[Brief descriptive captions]
++++++

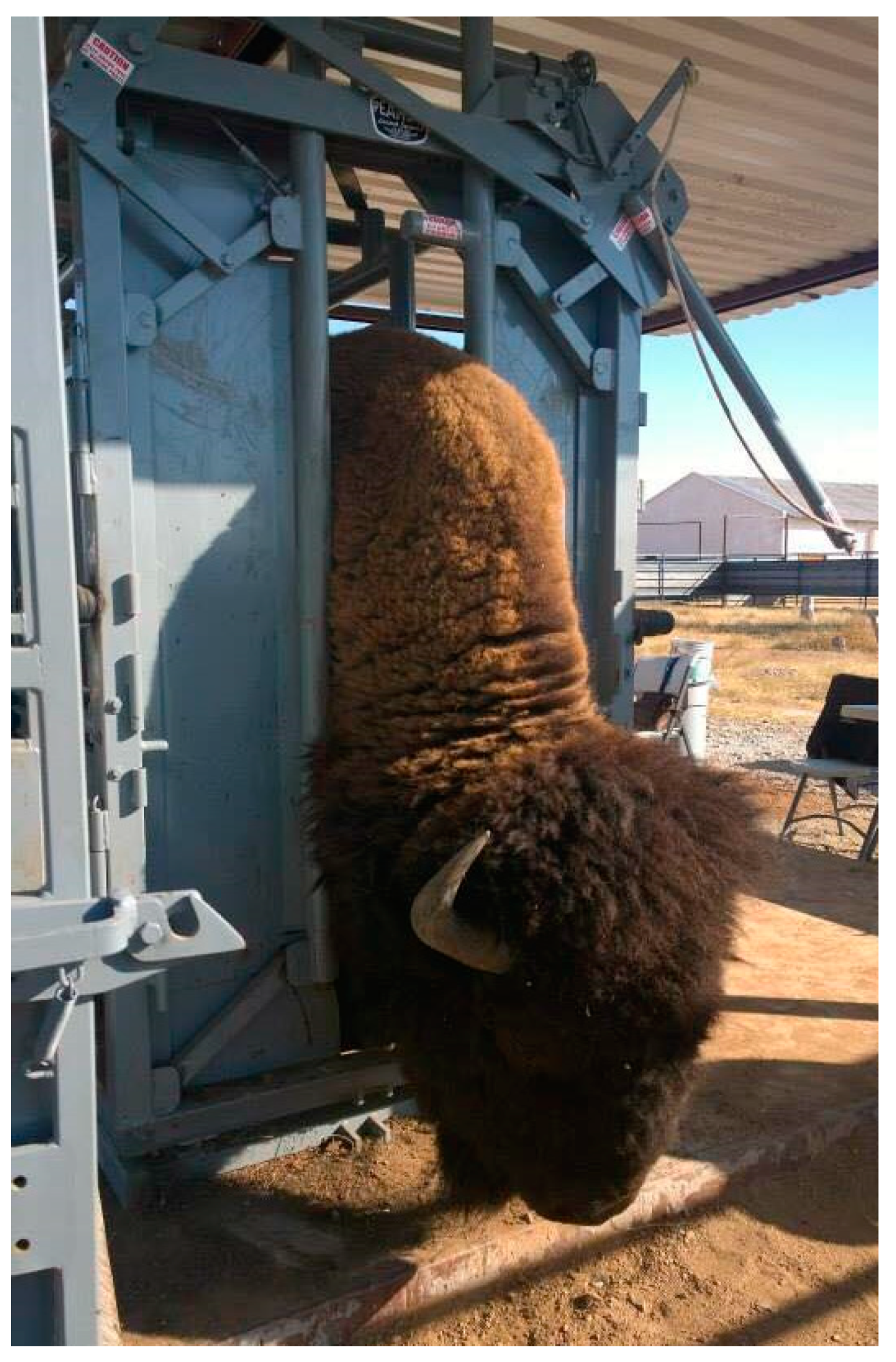 Pathogens 10 01428 g005 Pathogens 10 01428 g005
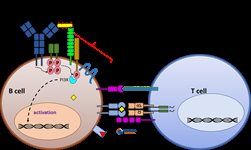 CD19 Aptamer to Human Protein Target B lymphocyte antigen  product image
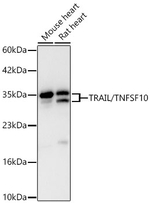 TRAIL Antibody in Western Blot (WB)
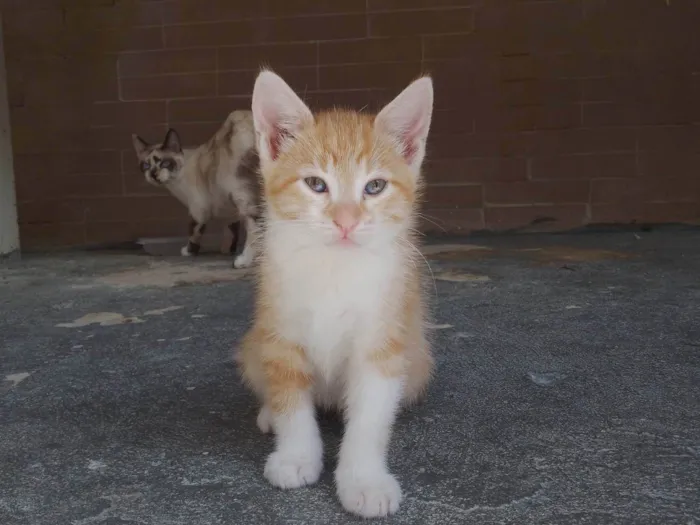 Gato ra a SRD-ViraLata idade 2 a 6 meses nome Sem nome 12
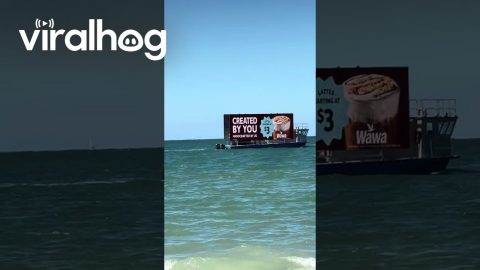 Ad Boat in Florida || ViralHog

++++++

**Exercise aim**.
Exact repetition of each line above is expected; images are to be omitted.

**Answer box**.
 Pathogens 10 01428 g005 Pathogens 10 01428 g005
 CD19 Aptamer to Human Protein Target B lymphocyte antigen  product image
 TRAIL Antibody in Western Blot (WB)
 Gato ra a SRD-ViraLata idade 2 a 6 meses nome Sem nome 12
 Ad Boat in Florida || ViralHog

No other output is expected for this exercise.